Identifying that security mechanisms have to be tested to ensure effectiveness, there is now the requirement to implement a methodology for penetration testing to actively identify the weaknesses and threats within a system. For SMEs with limited or no in-house security team, this will require external assistance.
This requirement reinforces that it is not only essential to implement penetration testing, but the outputs must have an active response. For example, identified vulnerabilities must be resolved, with confirmation achieved through retesting. This demonstrates a willingness by the company to improve their security through remediation, thus ensuring that their systems will be kept up to date and as secure as possible to reduce the risk of a breach.
It has now become mandatory for companies to actively identify their assets and their associated threats and vulnerabilities, through the implementation of risk assessment exercises (e.g. ISO 27005, OCTAVE, etc.) both annually and at points of significant change. This encourages companies to adopt a more proactive stance rather than a reactive response to attacks. However, it should be questioned within a fast evolving landscape whether an annual approach to risk assessment is sufficient.
Clarification of PCI DSS services from providers is stated in the following two requirements:
To establish transparency and responsibility between entities (e.g. service providers and organisations) this requirement dictates that each entity identifies their role within the process and that this is efficiently managed. This translates to assurance and awareness of the provider’s compliance status and whether their requirements comply with that of your organisation.

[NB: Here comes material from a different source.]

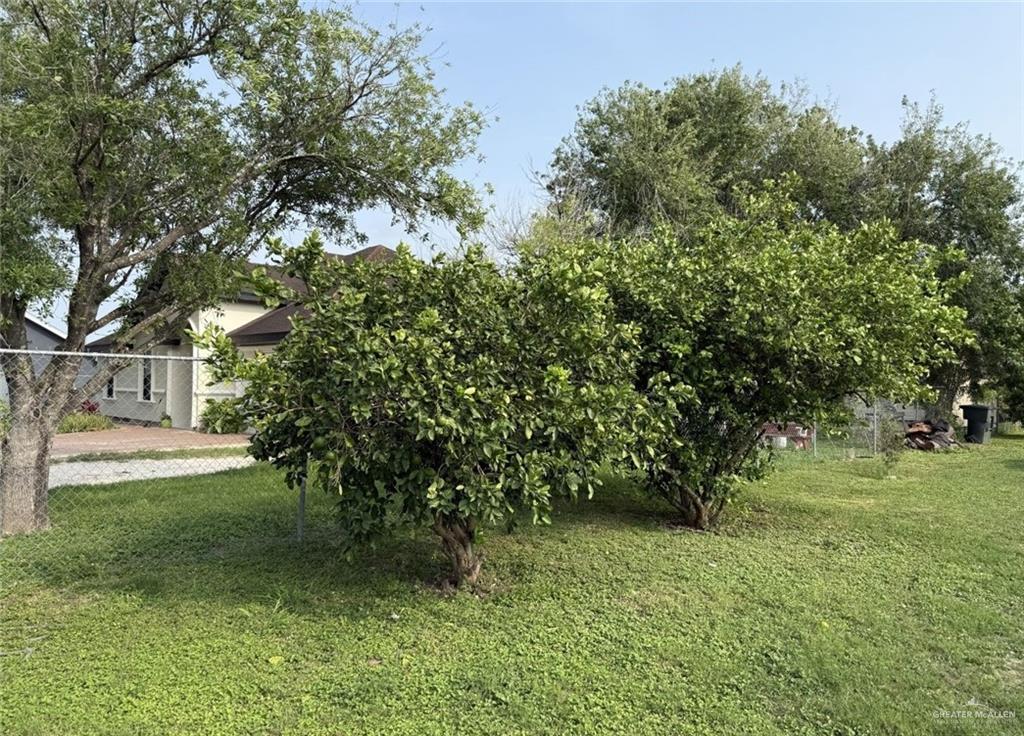 Photo 8 of 3120 Pine Street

In an extension of 12.8.5, there is also an expectation for the service provider to provide written communication informing their customers of the expectations that are to be placed on them and their personal responsibility, as part of the new `shared responsibility’ theme. The confirmation of the service provider’s responsibilities creates a consistent level of understanding between provider and customer by demonstrating their commitment and transparency to maintaining proper security of cardholder data that it obtains from its clients.
Recognising the scale of change between the different versions, some sub-requirements will be considered as best practices only until the 1st of July 2015, with version 2.0 remaining in operation until December 31st 2014 to allow for companies to plan ahead for a lengthy transition period in order to effectively adapt.
Considerations & Conclusion
This blog entry has highlighted only some of the perceived differences between the PCI DSS version 2.0 and 3.0. In doing so we have established that the adoption of the stronger framework will have a significant impact with many challenges for companies to overcome, especially as there has been a shift from ambiguous terms such as “should” towards the more definitive “must” with regard to the requirements. However, while some requirements are still debatable with weaknesses still existing, improvements have been established, such as unique authentication and promoting awareness of device tampering and substitution. Furthermore, additional guidance has been provided within the documentation to establish understanding of the different technologies at a foundation level.